Солнце сияло | страница 32



Сказать откровенно, такой ее вид мне не понравился. Там, в груди, где ныло от приятного возбуждения, я ощутил укол тревоги. А почему, собственно, Терентьев должен был призвать меня для беседы, содержание которой обещало мне праздник?

Он сидел в кресле за столом у дальней стены и, пока я двигался к нему вдоль стола для совещаний, смотрел на меня тусклым, как запорошенное пылью зеркало, ничего не выражающим взглядом. А вид у него был — будто он держит на плечах пирамиду Хеопса, изнемог под ее тяжестью — и не может сбросить. Я знал, что Терентьеву сорок с небольшим, но мне тогда, когда шел вдоль стола, показалось — ему не меньше, чем Мафусаилу на закате дней.

— Здравствуйте, — сказал я, останавливаясь у его стола, — с видом самой неудержимой радости предстать пред его очами.

Он не ответил мне. Только слегка шевельнул головой сверху вниз и издал звук, означавший, должно быть, подтверждение, что слышал мое приветствие. И тут мне стало бесповоротно ясно, что ничего хорошего ждать от встречи не приходится.

— Садитесь, — по прошествии, пожалуй, целой минуты шевельнул Терентьев бровями, указывая мне на стул около стола для совещаний.

Я ощутил в себе веселую легкость пузырька углекислого газа, вскипающего в откупоренном шампанском. Так у меня всегда бывало в виду грозящей опасности.

— Сажусь! — вместо положенного «Благодарю» с бравостью сказал я, выдергивая забитый под столешницу стул и, скрежеща ножками, устраиваясь на нем.
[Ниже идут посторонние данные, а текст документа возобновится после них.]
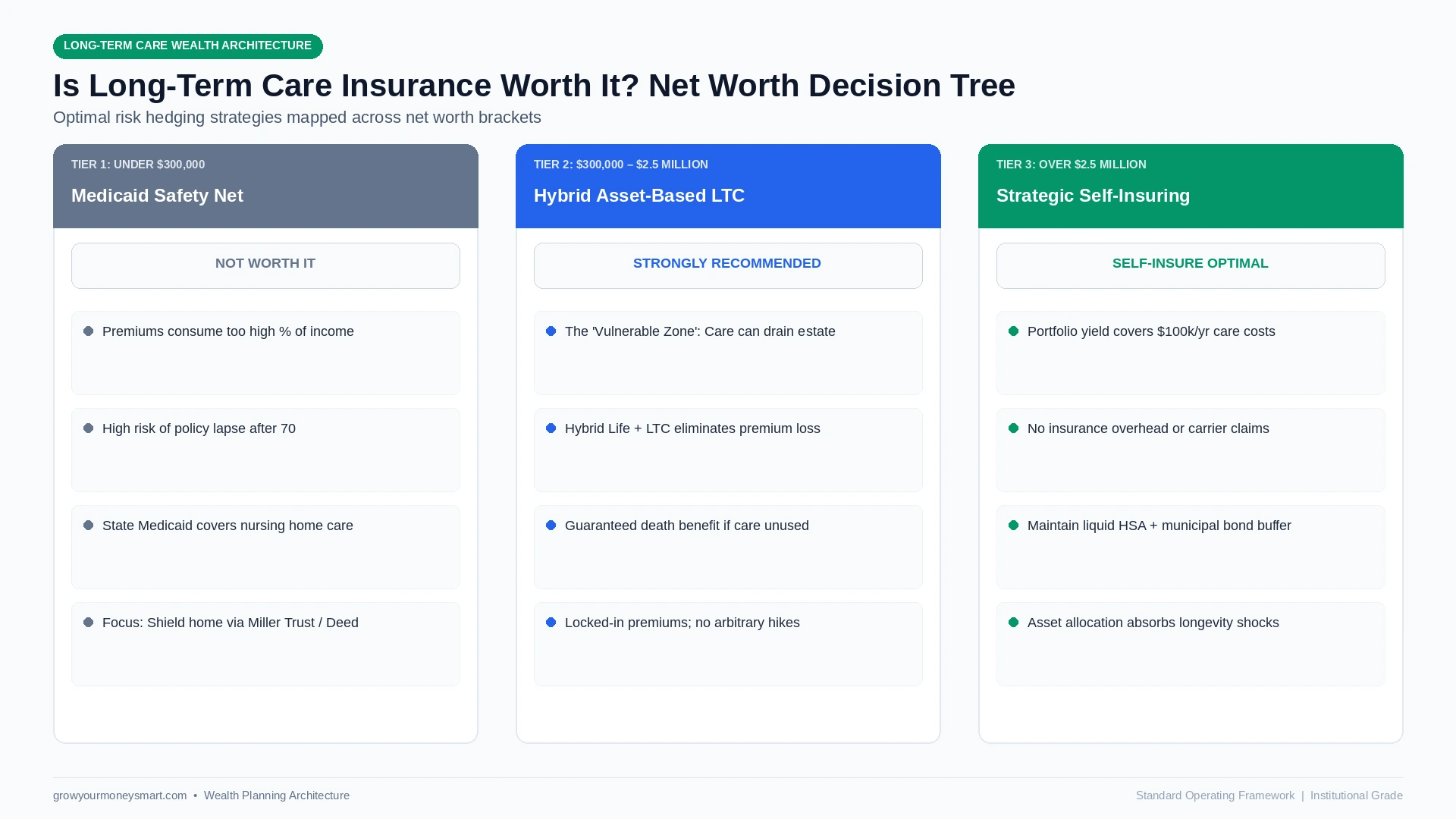is long term care insurance worth it decision tree mapped by household net worth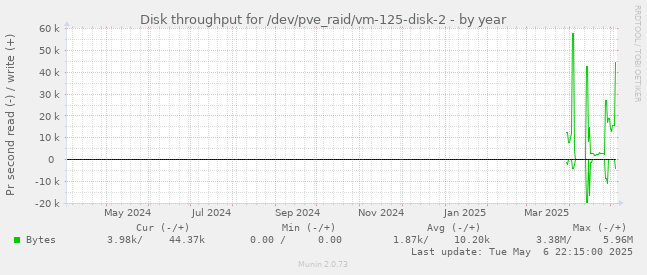 Disk throughput for /dev/pve_raid/vm-125-disk-2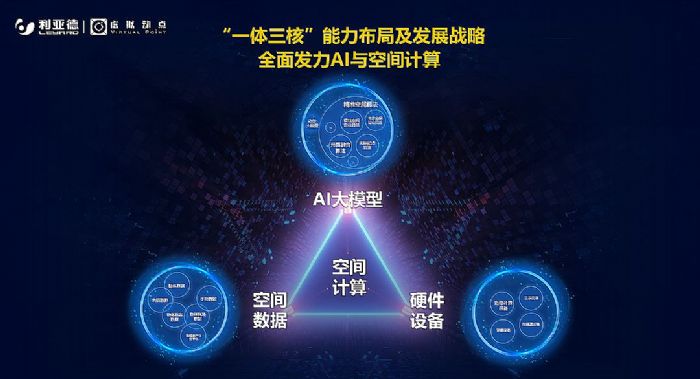再登胡潤榜 | 利亞德入選元宇宙潛力企業TOP100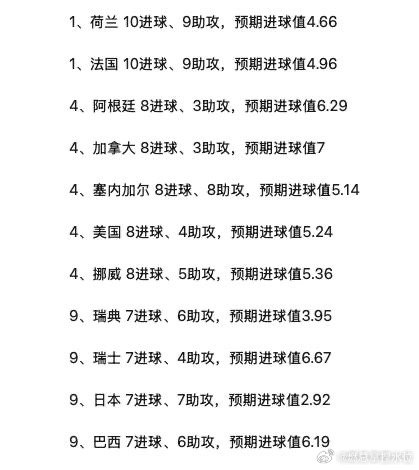 世界杯小组赛进球榜：德国、荷兰、法国各进10球并列第一。但最惊喜的是日本——预期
Лицо Терентьева исполнилось живого чувства. Я с удовольствием видел, что производимый мной скрежет доставляет ему страдание. Наконец я затих, и он, по второму разу выдержав долгую паузу, спросил:

— Как вы у нас вообще оказались?

— Как? — переспросил я. — Ну как… Пришел, снял сюжет. Про пчеловода. Потом другой. Потом третий.
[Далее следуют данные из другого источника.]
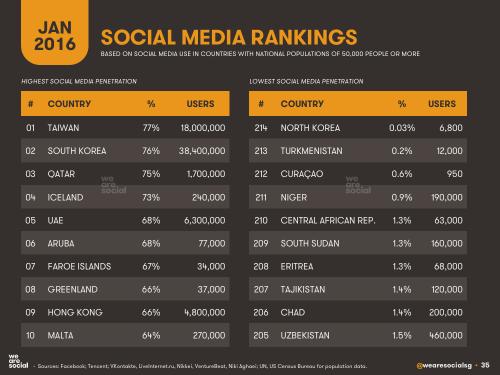 We Are Social：2016年全球互联网、社交媒体、移动设备普及情况报告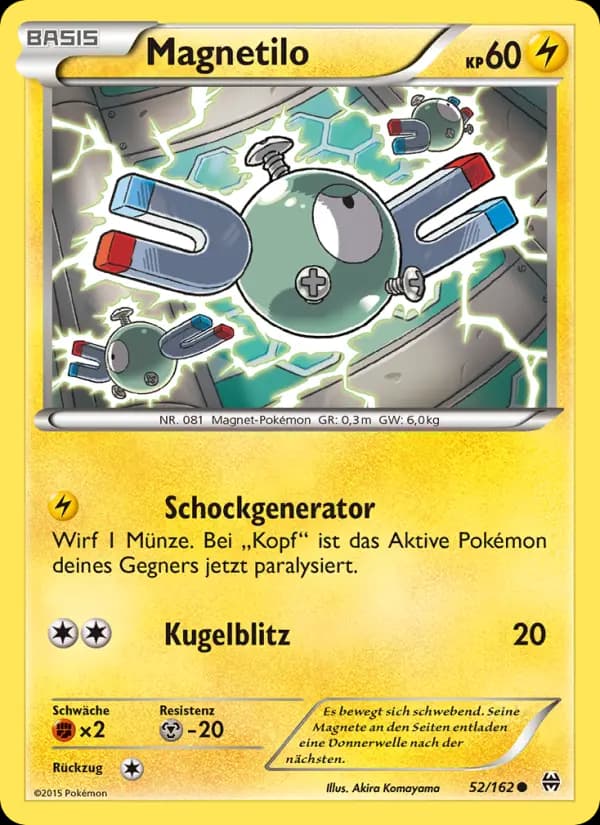 Magnetilo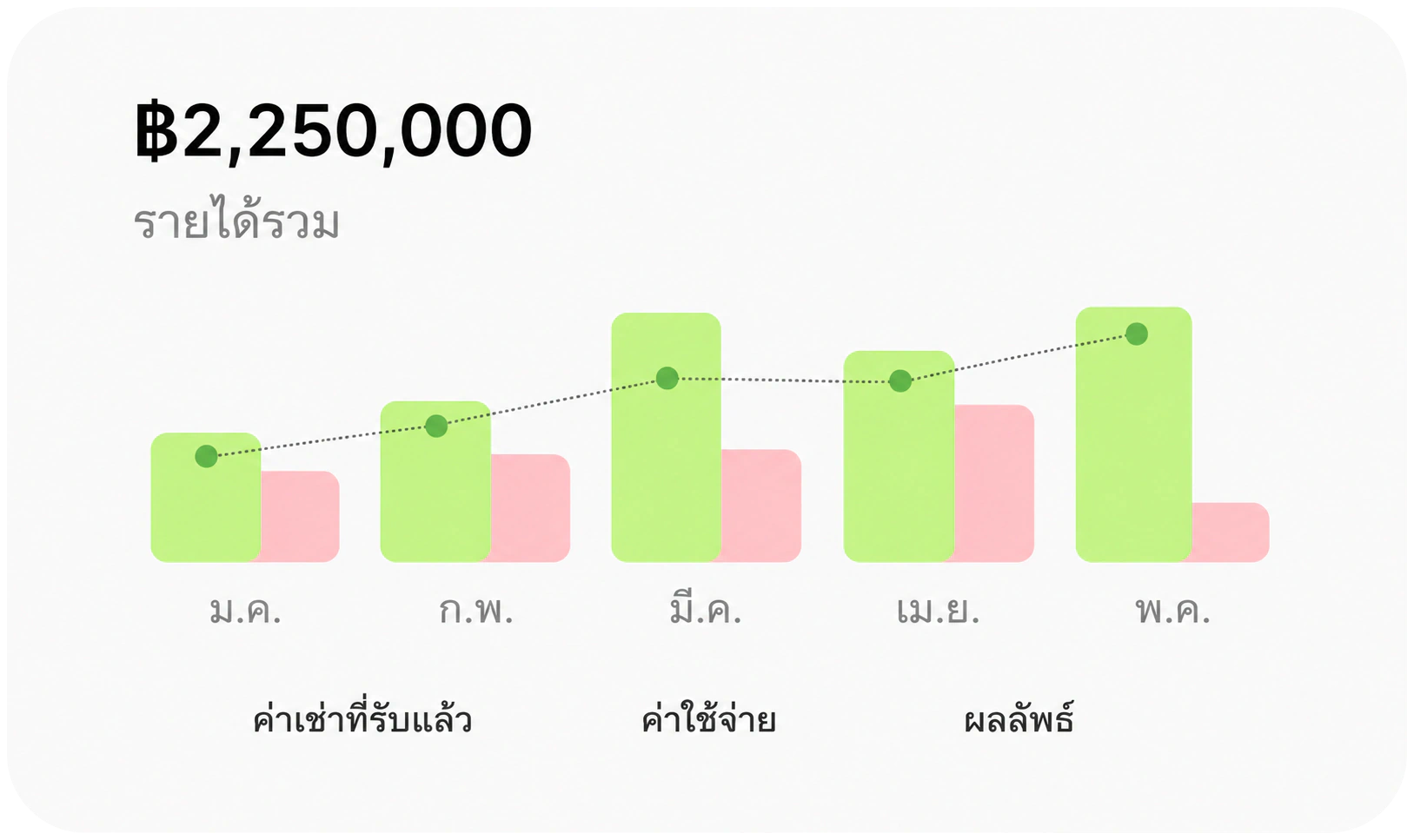กราฟเส้นของรายได้ค่าเช่า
— Как это «пришли»?! — Терентьев повысил голос. — К кому? Кто вас привел?

— Никто меня не приводил, — сказал я. — Сам пришел.

— Кто вас в программу привел! — Терентьев выделил голосом «в программу». — Кто вам камеру доверил? Кто вас в эфир выдал?

Делать было нечего, приходилось раскалываться.

— Первый — Конёв, — ответил я, постаравшись все же формой ответа поставить Конёва в ряд с другими.

В пыльных глазах Терентьева словно бы провели влажной тряпкой — они заблестели.

— А что вы закончили? Или еще учитесь?

— Я после армии. Демобилизовался недавно, — сказал я.

— При чем здесь армия? — в голосе Терентьева прозвучало возмущение. Армия — это не диплом.